Prompt: What I need is an exact repeat of the lines from the one with "Shacman Delong Truck" through the end of the listing below. Leave out every picture.
━━━━━ Collected data ━━━━━
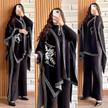 stores/c9429fa3e6e21ad077724d1f3cbaaf3b/products/nLP2wwOPmN0xSDfsSNsjAUkUnFCjk7x0HgH5VUXb.jpeg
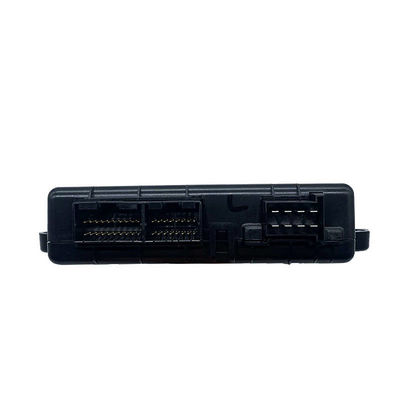 Shacman Delong Truck Parts Cab Body Controller BCM Компьютерная плата DZ97189585116 для X3000/F3000 Хорошее качество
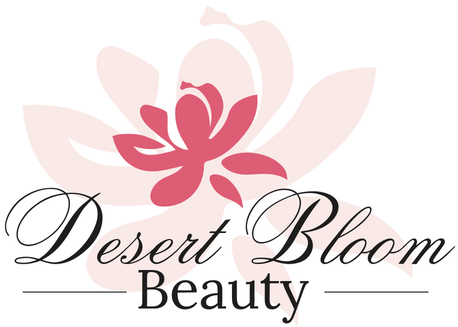 Desert Bloom Beauty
━━━━━
Answer section:
 Shacman Delong Truck Parts Cab Body Controller BCM Компьютерная плата DZ97189585116 для X3000/F3000 Хорошее качество
 Desert Bloom Beauty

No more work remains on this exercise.